SWITZERLAND

Closest exo-planet found around Alpha Centauri

A Swiss-based team searching for planets outside our solar system, called exoplanets, say they have detected a planet the size of Earth orbiting the star Alpha Centauri B.

Named Alpha Centauri Bb, the planet is 10 times closer to its star than Mercury is to our Sun. This means the planet should be extraordinarily hot, ruling out any chance of life existing there.

In a paper published in Nature, Xavier Dumusque from the University of Geneva and colleagues say that exoplanets down to the size of Earth have been found, but not in the habitable zone – that is, at a distance from the parent star at which water, if present, would be liquid.

“There are planets in the habitable zone of stars cooler than our Sun, but for reasons such as tidal locking and strong stellar activity, they are unlikely to harbour water-carbon life as we know it.

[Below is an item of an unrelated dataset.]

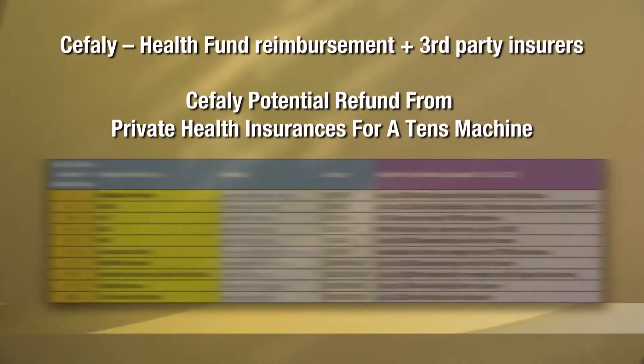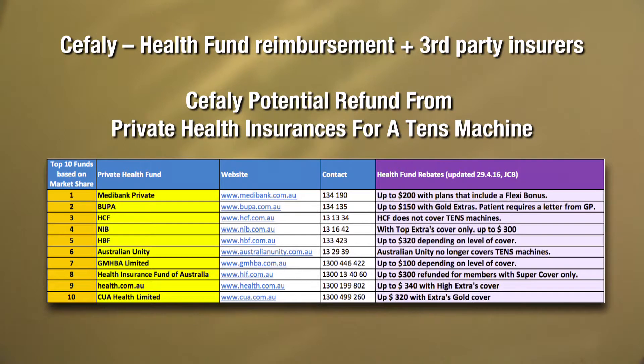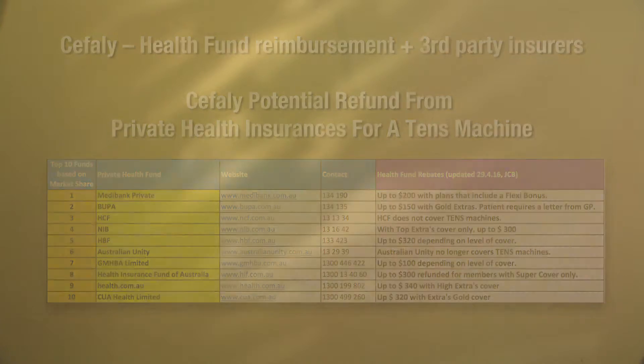Another benefit of Cephali is that because it's a transcutaneous electrical nerve stimulator device, many health funds will help you to fund the device for the patient. You can also often receive support from third-party insurers — transport accident insurers and workers compensation insurance companies who have been supporting the provision of TENS devices for many years — and should have no difficulty supporting patients who have headaches as a result of either a work-related or transport accident-related injury. It's certainly worthwhile exploring that financial support.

The detection of a habitable Earth-mass planet orbiting a star similar to our Sun is extremely difficult, because such a signal is overwhelmed by stellar perturbations.”

The researchers describe how, despite the stellar perturbations, they detected an Earth-mass planet orbiting Alpha Centauri B, a member of the closest stellar system to the Sun. The planet has an orbital period of 3.236 days and is about 0.04 astronomical units from the star (one astronomical unit is the distance of the Earth from the Sun).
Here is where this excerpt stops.